扰乱生产 ! Workers in China unite against capital

video of striking Honda workers HERE and HERE

The recent wave of struggles in China shows a new militancy that is challenging the bosses and the state’s authority

A sleeping giant is stirring in China—the working class. High-profile strikes have spread through China’s Honda car plants over the past few weeks.

These strikes have shown a new confidence and militancy among workers.

Unlike in previous disputes, the strikers don’t wear masks to avoid retribution. And they are challenging the official state-run “unions” by demanding the right to independent organisation.

Workers at Honda Lock in Guangdong province marched out of their factory on Friday of last week demanding a 70 percent pay increase and the right to elect their own representatives.
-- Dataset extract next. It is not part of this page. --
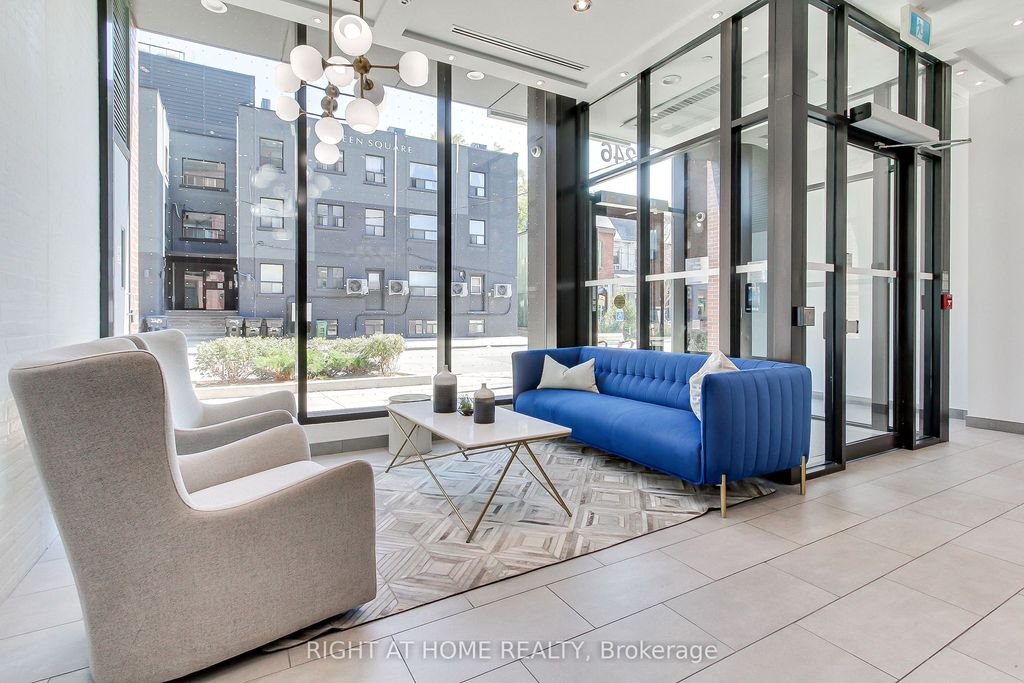 Photo of 246 Logan Avenue #206, Toronto, ON M4M 0E9 (MLS # E12438648)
They are mostly in their early 20s and over half are women.

The 1,700 workers elected their own factory committee, with one member from each workshop, to negotiate with management.

The only “trade union” the Chinese state allows, the All China Federation of Trade Unions, is a fake union that defends the interests of the state and the employers.

Traitors

“The official trade union is worse than useless—they are traitors,” a woman striker at Honda Lock told the New York Times.

The Honda Lock strikers were inspired by the success of workers in Honda Automotive Components, a transmissions plant, who struck and won a 24 percent wage increase two weeks ago.

This strike shut down all of Honda’s Chinese operations for eight days.

Again, workers formed an elected factory committee to represent them.

The 16 members of the committee issued an open letter that said, “We must not let the representatives of capital divide us. This factory’s profits are the fruits of our bitter toil.

“This struggle is not just about the interests of our 1,800 workers.

“We also care about the rights and interests of all Chinese workers.”

Honda isn’t the only company facing rising unrest.

Workers struck at Merry Electronics in Shenzhen’s Bao’an district on 6 June.

Reports describe how hundreds of workers blocked the factory entrance. The crowd grew to over 1,000.

Workers held up banners demanding higher pay and fewer working hours.

They won a 10 percent pay rise from July.

More strikers fought police at a rubber factory in Kunshan, while 2,000 workers struck at a computer parts plant in Pudong.

Another strike took place at a sewing machine plant owned by Brother Industries in Xi’an, central China.

An article in the Financial Times newspaper last week talked of the “rising anger of China’s proletariat”.

It pointed to the way workers are comparing wages and working conditions with other factories and then demanding improvements, and in some cases taking strike action.

Defiance

A petition by workers at KOK International, a Taiwanese-owned factory near Shanghai, declared, “Power lies in unity and hope lies in defiance.”

The recent suicides of Chinese workers in the Foxconn factory in Shenzhen exposed the brutal conditions that many are expected to endure.

But fewer workers are willing to accept them—and they are boosting others’ confidence to fight.


A roundup of last week’s strike action in China

From China Labor Bulletin- A third strike at a Honda components plant broke out on Wednesday 9 June, with workers again demanding substantial pay increases and the right to elect a genuinely representative trade union at the plant, Honda Lock, in Zhongshan, which employs 1,700 workers.

Workers elected their own representative committee, with one member from each workshop, to engage in collective bargaining with management. The committee rejected management’s initial offer a 100 yuan per month salary increase and stayed out strike, briefly staging a demonstration in the streets of Zhongshan Friday morning.

In the Yangtze River Delta workers at a Taiwanese-owned rubber factory in Kunshan battled with police on Monday when they tried to break up a strike for higher pay and better working conditions. Several workers were injured and others detained by the police. At a computer parts plant in Pudong, around 2,000 workers halted production over a contract dispute with management. And in nearby Suzhou, labour experts told the Financial Times that there had already been several strikes this year and employers had expressed concern more strikes would follow.

Strikes and protests also erupted in central China, with 900 workers at a Japanese-owned Brother Industries sewing machine plant in Xi’an going on strike for several days demanding better pay and conditions before returning to work after management agreed to collective bargaining. Scuffles were reported between striking workers and security guards at a Taiwanese sporting goods factory in Jiujiang, Jiangxi. And a long-running dispute at the Tieshu textile plant in Suizhou escalated Thursday when negations between workers representatives and the local government broke down. About 400 workers staged a protest outside the main factory gate.

扰乱生产 = "Disrupting production", a crime in State Captialist China.